Consider the scenario where an algorithm is given a context, and then it must select a slate of relevant results to display. As four special cases, the context may be a search query, a slot for an advertisement, a social media user, or an opportunity to show recommendations. We want to compare many alternative ranking functions that select results in different ways. However, A/B testing with traffic from real users is expensive. This research provides a method to use traffic that was exposed to a past ranking function to obtain an unbiased estimate of the utility of a hypothetical new ranking function. The method is a purely offline computation, and relies on assumptions that are quite reasonable. We show further how to design a ranking function that is the best possible, given the same assumptions. Learning optimal rankings for search results given queries is a special case. Experimental findings on data logged by a real-world e-commerce web site are positive.

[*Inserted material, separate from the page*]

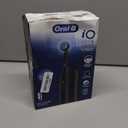 Oral-B Rechargeable Electric Toothbrush, iO Limited Simple Clean, 3 Cleaning Modes, Automatic Pressure Sensor to Protect Gums, Travel Case, Night Black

Place: Aula Seminari, via Salaria 113, last floor
Charles Elkan is an adjunct professor of computer science at the University of California, San Diego (UCSD). His full-time position is as managing director and global head of machine learning at Goldman Sachs. From 2014 to 2018 he was the first Amazon Fellow, leading a team of over 30 scientists and engineers in Seattle, Palo Alto, and New York doing research and development in applied machine learning for both e-commerce and cloud computing. Before joining Amazon, Dr. Elkan was a tenured full professor of computer science at UCSD. His Ph.D. is from Cornell and his undergraduate degree from Cambridge, and he has held visiting positions at Harvard and MIT. Dr. Elkan's students have gone on to faculty positions at universities including Columbia, Carnegie Mellon, the University of Washington, and Stanford, and to leading roles in industry.